:: EXERCISE PROMPT ::
Somewhere below, one line contains "Casa Campo in" and a later line contains "Holiday Inn &". Output those two lines and everything between them exactly, and nothing else.
** EXCERPTED RECORDS follows **
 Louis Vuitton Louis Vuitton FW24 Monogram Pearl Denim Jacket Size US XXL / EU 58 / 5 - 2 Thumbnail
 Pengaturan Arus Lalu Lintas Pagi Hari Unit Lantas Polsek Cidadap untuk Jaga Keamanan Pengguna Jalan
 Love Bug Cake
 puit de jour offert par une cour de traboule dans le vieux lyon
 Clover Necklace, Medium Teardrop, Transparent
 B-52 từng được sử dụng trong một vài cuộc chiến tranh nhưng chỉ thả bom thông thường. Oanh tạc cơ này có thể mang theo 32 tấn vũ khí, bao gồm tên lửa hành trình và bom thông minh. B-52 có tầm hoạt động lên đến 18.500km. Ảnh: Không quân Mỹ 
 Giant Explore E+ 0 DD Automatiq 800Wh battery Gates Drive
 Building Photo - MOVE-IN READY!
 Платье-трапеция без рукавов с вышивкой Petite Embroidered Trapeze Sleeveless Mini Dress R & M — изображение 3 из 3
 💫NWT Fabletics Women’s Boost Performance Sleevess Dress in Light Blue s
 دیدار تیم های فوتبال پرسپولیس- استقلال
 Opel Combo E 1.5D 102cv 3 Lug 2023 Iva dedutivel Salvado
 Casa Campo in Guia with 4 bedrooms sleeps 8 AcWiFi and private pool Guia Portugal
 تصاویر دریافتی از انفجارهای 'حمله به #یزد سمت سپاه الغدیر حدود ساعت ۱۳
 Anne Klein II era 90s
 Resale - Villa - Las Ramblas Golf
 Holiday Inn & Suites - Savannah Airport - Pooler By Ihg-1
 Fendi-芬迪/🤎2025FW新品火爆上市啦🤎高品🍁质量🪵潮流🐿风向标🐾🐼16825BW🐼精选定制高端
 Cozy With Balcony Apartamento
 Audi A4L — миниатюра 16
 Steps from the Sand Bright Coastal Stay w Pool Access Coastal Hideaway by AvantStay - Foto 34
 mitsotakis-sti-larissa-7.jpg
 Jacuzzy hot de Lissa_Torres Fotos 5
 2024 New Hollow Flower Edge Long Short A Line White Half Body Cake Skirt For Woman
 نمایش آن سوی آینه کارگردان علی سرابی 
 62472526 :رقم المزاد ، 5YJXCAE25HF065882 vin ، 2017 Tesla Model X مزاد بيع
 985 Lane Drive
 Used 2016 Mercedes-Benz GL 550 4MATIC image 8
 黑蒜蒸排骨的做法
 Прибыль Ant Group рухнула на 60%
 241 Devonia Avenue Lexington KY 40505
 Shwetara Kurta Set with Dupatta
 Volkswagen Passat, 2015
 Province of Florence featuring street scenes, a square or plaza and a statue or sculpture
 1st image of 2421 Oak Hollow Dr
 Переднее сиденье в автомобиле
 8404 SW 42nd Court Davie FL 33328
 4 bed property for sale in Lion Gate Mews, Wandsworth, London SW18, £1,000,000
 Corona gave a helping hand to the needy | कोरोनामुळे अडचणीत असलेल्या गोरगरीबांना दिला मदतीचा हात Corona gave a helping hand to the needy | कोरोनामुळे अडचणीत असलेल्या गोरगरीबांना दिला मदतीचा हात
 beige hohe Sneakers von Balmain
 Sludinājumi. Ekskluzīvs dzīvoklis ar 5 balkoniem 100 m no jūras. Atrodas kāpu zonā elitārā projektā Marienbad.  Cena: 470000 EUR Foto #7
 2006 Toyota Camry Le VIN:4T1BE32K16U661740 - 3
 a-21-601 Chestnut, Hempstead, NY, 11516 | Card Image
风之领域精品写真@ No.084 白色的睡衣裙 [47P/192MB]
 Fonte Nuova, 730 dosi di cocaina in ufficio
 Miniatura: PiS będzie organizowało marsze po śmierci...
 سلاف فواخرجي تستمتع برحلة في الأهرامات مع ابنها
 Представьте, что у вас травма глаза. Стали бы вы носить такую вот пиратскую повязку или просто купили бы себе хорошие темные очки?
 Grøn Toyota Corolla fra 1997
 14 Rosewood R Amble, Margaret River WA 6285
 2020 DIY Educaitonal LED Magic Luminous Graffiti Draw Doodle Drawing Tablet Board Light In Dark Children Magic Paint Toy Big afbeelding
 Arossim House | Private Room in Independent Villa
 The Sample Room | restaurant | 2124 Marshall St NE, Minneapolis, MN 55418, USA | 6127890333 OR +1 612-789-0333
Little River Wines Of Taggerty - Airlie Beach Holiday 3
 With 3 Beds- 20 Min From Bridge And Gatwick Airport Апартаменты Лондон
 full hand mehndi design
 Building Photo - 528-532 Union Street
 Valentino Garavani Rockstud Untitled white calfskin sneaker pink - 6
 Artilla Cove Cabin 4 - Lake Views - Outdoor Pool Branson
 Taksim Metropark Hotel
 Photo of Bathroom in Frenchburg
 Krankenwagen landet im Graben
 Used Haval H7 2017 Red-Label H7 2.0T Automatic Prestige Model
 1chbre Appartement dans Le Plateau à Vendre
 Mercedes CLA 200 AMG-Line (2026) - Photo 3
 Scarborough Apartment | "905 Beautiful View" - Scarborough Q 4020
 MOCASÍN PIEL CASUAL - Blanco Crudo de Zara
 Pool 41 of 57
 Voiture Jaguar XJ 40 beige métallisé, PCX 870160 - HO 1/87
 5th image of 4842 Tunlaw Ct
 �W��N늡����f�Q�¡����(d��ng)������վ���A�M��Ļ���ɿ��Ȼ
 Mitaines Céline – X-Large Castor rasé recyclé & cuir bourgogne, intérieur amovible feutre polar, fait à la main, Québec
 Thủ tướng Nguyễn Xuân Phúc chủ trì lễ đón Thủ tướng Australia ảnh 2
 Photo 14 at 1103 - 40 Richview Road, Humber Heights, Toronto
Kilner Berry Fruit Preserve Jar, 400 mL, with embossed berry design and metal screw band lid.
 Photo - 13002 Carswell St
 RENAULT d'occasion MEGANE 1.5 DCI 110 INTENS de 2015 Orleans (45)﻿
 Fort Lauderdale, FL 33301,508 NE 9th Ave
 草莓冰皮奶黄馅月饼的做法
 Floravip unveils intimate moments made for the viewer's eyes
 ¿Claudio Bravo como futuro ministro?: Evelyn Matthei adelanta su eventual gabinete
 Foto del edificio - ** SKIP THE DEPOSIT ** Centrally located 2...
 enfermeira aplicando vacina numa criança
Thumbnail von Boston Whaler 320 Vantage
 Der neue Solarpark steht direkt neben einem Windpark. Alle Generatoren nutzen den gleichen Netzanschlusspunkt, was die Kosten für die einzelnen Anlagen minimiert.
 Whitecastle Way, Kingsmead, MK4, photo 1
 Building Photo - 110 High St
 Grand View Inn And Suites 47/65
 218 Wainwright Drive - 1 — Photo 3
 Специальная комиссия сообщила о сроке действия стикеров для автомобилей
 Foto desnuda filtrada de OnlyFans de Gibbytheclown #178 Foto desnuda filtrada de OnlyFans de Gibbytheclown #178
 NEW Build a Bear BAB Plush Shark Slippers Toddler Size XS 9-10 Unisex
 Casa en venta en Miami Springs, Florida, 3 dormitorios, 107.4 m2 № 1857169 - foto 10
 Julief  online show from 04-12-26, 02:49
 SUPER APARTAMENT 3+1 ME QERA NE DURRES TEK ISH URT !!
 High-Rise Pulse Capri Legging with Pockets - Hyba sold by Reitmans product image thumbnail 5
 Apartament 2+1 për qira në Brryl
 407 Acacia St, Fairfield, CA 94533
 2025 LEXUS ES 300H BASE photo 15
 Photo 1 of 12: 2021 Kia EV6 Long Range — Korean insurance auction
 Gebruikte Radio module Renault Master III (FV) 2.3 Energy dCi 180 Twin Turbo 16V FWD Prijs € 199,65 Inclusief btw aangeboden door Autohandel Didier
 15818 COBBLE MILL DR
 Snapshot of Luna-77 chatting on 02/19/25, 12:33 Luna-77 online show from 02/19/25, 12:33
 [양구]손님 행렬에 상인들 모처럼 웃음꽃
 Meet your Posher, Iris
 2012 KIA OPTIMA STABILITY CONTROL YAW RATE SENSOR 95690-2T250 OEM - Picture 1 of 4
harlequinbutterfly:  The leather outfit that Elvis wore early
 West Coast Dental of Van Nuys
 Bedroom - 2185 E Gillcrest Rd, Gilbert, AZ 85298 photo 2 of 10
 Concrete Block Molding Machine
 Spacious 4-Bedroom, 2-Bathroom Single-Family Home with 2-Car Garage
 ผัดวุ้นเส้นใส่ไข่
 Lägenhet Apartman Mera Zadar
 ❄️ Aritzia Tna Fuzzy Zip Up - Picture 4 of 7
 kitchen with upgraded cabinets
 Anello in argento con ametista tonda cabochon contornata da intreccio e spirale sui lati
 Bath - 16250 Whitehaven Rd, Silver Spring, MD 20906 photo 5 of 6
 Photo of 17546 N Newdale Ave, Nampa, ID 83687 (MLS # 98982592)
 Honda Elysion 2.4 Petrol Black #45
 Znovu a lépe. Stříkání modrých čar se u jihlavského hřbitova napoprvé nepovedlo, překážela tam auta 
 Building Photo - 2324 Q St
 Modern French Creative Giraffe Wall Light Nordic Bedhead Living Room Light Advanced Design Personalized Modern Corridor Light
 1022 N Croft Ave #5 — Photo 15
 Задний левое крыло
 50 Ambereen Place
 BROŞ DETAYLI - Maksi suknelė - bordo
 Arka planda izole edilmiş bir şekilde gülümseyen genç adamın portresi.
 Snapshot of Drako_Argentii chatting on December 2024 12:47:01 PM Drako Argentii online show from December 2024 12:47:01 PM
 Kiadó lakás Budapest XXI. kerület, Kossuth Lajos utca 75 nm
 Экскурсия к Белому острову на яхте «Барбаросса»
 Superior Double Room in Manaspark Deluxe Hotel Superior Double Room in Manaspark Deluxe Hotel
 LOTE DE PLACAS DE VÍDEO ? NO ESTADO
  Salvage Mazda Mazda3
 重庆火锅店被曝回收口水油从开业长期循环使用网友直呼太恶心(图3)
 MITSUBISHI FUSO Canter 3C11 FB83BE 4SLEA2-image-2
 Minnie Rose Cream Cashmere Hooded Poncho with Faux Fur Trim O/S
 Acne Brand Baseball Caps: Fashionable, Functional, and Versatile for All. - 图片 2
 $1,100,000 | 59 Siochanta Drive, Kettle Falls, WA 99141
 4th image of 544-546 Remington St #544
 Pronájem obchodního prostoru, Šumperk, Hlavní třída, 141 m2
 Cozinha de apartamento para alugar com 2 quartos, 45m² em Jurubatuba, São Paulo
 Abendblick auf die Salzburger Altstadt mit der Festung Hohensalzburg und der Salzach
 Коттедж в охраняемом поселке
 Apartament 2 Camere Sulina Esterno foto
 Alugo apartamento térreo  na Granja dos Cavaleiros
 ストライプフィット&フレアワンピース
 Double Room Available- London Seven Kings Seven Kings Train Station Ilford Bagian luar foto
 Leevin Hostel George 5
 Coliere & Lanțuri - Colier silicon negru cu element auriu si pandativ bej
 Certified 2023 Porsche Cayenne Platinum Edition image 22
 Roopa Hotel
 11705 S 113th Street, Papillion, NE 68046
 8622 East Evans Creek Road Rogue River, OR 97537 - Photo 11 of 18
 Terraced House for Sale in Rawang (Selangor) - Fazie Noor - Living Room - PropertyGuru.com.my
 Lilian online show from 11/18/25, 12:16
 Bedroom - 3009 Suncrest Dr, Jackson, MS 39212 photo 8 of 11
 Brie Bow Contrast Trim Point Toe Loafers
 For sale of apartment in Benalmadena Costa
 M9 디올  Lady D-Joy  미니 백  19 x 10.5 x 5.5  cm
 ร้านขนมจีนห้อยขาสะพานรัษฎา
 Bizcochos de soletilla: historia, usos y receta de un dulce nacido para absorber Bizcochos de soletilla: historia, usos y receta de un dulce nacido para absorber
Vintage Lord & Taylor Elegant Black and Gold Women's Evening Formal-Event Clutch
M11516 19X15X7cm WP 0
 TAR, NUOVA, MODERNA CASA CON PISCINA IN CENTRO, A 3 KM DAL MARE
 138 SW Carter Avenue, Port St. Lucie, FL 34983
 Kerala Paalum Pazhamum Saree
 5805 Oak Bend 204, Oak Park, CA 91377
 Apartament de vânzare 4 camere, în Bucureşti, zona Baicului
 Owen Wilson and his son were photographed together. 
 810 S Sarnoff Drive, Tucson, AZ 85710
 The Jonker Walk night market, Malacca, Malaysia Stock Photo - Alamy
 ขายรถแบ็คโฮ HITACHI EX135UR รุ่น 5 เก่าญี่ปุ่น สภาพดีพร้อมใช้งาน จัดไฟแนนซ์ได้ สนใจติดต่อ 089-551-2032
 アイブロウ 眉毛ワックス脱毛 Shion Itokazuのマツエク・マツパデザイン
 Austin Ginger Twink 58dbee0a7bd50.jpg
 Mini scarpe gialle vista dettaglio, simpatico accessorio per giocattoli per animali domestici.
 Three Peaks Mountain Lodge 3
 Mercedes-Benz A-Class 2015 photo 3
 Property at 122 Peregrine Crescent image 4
** End of EXCERPTED RECORDS **
:: OUTPUT OF THE EXERCISE ::
 Casa Campo in Guia with 4 bedrooms sleeps 8 AcWiFi and private pool Guia Portugal
 تصاویر دریافتی از انفجارهای 'حمله به #یزد سمت سپاه الغدیر حدود ساعت ۱۳
 Anne Klein II era 90s
 Resale - Villa - Las Ramblas Golf
 Holiday Inn & Suites - Savannah Airport - Pooler By Ihg-1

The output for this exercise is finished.